Writing Cards and Letters

I enjoy writing cards and letters.  It is somewhat of a lost art in our society, with the introduction of email, instant messaging, texts, tweets, and Facebook messages, to name a few.

Often I feel like some messages are better delivered written in my own handwriting. 

I have boxes of letters Paul wrote me before we were married.  I have other correspondence I have received over the years as well.

These things are tactile.  I can feel them.  I can touch them.

You can't do that with a message stored in a folder on your computer.

Receiving a hand written letter is part of an experience.  You have to physically open the envelope.  You unfold the letter or card.  You can see the hand writing of the person who sent you the message.  A part of that person was sent with the letter.

I spent part of my day today writing cards and letters.  I love doing this, and I don't do it often enough. 
It is a practice I hope to resurrect in my own life.....to send more written correspondence to people.

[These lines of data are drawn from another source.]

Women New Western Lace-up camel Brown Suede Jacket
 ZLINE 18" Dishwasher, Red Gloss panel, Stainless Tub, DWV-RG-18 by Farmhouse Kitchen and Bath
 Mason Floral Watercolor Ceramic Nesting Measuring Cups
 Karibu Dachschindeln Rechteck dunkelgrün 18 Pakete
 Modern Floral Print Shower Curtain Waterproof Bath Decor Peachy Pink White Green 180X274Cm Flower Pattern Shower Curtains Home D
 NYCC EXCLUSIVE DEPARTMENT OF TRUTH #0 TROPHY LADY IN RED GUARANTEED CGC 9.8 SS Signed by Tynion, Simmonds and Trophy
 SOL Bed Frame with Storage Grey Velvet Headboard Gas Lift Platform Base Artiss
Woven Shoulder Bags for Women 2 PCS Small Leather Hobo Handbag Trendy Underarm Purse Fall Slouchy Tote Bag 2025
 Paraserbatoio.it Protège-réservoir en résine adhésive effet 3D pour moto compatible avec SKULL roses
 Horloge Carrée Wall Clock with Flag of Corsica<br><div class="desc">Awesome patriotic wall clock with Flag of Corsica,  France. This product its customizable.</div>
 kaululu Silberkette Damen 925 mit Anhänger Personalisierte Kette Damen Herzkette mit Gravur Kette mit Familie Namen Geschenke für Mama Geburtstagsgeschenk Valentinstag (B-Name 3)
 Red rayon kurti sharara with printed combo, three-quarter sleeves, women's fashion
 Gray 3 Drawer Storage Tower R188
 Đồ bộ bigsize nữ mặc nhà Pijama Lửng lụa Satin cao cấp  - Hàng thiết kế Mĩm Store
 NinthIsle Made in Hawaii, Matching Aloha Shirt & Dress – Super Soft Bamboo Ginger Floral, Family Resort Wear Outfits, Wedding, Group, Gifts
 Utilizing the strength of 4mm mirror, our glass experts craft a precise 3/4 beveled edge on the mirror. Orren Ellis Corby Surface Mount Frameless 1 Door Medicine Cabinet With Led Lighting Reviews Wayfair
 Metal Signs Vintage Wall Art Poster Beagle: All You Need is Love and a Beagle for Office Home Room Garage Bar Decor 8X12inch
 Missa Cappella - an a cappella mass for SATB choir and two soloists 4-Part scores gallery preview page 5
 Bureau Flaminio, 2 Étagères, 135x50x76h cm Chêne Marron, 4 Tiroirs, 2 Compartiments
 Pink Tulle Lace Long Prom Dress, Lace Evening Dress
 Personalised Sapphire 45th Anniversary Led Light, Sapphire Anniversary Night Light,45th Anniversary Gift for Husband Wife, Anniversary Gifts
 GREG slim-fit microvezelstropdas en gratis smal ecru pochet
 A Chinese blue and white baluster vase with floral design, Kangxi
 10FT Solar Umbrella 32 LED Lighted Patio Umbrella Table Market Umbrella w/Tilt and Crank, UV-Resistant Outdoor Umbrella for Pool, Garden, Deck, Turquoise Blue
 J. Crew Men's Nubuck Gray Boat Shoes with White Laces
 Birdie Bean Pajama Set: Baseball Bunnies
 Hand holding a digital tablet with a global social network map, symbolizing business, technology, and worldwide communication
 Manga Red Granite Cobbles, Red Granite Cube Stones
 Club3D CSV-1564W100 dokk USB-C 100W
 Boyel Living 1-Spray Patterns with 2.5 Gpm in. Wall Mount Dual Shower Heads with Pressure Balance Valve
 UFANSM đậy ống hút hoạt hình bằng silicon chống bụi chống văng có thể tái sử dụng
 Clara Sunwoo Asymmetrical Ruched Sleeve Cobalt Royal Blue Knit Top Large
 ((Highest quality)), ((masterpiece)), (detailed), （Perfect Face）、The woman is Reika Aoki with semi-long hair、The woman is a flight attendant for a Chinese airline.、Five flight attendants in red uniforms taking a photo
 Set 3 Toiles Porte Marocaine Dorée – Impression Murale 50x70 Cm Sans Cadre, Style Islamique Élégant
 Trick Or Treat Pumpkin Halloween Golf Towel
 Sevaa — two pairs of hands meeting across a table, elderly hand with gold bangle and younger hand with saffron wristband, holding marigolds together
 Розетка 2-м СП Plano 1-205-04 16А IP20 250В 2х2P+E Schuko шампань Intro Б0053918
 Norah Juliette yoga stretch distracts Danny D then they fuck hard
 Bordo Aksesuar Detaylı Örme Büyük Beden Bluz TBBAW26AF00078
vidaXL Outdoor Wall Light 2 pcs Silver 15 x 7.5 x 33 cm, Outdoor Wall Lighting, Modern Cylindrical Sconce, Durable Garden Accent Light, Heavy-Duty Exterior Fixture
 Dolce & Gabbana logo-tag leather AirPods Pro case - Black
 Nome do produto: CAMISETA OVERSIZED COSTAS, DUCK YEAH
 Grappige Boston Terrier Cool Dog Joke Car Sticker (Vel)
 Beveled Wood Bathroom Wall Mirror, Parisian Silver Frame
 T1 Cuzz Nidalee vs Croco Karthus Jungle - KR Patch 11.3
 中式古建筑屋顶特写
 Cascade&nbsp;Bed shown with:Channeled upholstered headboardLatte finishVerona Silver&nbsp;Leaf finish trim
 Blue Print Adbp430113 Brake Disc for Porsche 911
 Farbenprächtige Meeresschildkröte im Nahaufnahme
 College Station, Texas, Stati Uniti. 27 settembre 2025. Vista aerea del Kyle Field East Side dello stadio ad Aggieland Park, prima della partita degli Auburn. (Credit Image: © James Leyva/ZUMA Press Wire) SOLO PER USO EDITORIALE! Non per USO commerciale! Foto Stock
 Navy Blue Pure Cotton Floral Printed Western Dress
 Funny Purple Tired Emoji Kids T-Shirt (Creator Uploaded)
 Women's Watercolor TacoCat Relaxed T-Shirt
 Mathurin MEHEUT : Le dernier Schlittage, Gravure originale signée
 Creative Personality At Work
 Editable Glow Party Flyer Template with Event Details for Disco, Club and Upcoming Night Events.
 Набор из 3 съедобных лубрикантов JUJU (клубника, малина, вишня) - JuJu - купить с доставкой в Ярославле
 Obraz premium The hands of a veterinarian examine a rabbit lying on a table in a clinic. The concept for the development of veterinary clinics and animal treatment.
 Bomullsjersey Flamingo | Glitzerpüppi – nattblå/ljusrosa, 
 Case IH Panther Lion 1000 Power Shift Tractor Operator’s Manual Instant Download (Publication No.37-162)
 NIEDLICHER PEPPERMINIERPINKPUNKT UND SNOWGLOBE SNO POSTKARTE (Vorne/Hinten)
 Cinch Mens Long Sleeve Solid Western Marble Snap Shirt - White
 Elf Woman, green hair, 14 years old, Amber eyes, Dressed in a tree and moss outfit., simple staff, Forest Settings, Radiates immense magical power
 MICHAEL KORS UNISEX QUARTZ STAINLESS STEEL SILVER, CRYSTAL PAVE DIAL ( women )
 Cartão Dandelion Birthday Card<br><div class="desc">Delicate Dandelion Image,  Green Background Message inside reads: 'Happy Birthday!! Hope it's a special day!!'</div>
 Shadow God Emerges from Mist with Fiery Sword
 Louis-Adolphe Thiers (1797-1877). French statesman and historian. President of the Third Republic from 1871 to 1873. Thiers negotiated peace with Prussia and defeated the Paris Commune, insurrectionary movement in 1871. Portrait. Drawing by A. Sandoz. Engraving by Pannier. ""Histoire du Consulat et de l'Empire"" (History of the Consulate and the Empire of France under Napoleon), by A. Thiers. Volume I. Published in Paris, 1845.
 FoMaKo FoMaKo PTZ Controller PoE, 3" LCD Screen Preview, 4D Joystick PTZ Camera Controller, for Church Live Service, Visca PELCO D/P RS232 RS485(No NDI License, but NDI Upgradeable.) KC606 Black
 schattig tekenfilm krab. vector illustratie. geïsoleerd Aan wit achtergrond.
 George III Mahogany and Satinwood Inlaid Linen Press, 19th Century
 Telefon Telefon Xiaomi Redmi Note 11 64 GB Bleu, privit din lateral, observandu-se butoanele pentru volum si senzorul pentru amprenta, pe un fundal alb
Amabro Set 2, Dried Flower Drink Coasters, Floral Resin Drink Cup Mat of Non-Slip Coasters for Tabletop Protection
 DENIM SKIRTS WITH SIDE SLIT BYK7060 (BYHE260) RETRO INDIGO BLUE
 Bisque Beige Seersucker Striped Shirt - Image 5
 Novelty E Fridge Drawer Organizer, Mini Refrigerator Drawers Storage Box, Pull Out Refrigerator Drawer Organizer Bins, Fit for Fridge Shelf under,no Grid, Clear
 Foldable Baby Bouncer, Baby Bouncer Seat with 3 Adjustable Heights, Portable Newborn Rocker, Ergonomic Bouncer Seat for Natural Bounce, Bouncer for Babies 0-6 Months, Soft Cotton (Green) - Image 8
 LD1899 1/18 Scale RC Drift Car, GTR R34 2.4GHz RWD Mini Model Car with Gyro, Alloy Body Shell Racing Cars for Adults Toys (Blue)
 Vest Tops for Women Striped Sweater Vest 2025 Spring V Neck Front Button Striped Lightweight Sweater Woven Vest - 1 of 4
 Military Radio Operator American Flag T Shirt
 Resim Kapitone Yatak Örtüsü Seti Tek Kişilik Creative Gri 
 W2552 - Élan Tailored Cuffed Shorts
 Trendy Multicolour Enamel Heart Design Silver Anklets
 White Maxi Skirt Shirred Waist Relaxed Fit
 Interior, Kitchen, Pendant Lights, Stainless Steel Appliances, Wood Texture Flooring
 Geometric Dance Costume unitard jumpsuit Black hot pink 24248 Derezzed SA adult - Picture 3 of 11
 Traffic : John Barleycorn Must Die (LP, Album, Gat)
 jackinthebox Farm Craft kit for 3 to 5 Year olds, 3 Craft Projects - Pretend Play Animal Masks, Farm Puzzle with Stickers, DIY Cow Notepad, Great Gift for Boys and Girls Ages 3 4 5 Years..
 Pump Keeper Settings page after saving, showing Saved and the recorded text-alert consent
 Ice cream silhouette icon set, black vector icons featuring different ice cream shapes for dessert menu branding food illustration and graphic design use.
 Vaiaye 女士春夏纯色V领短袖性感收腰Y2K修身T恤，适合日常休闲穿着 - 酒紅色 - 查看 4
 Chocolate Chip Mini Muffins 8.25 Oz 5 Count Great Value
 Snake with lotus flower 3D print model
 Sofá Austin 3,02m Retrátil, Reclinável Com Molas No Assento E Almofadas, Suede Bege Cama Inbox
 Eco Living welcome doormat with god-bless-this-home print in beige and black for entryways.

“How wonderful it is to be able to write someone a letter! To feel like conveying your thoughts to a person, to sit at your desk and pick up a pen, to put your thoughts into words like this is truly marvelous.”
― Haruki Murakami, Norwegian Wood

There are certain cards I have received that I look at again and again, because their message was a great encouragement to me, and often, if I'm in a bad and depressed place, I can go back to the note and it makes me feel better.

That is one of the joys of sending a note....to encourage another.

And a joy of receiving a note.....to be encouraged by the sender.

If you agree with me on this, I challenge you.  Pick up your pen this week, put your pen to paper, and write someone some words of encouragement and pop it in the mail. 

As Haruki Murakami says in the quote above...."to put your thoughts into words like this is truly marvelous."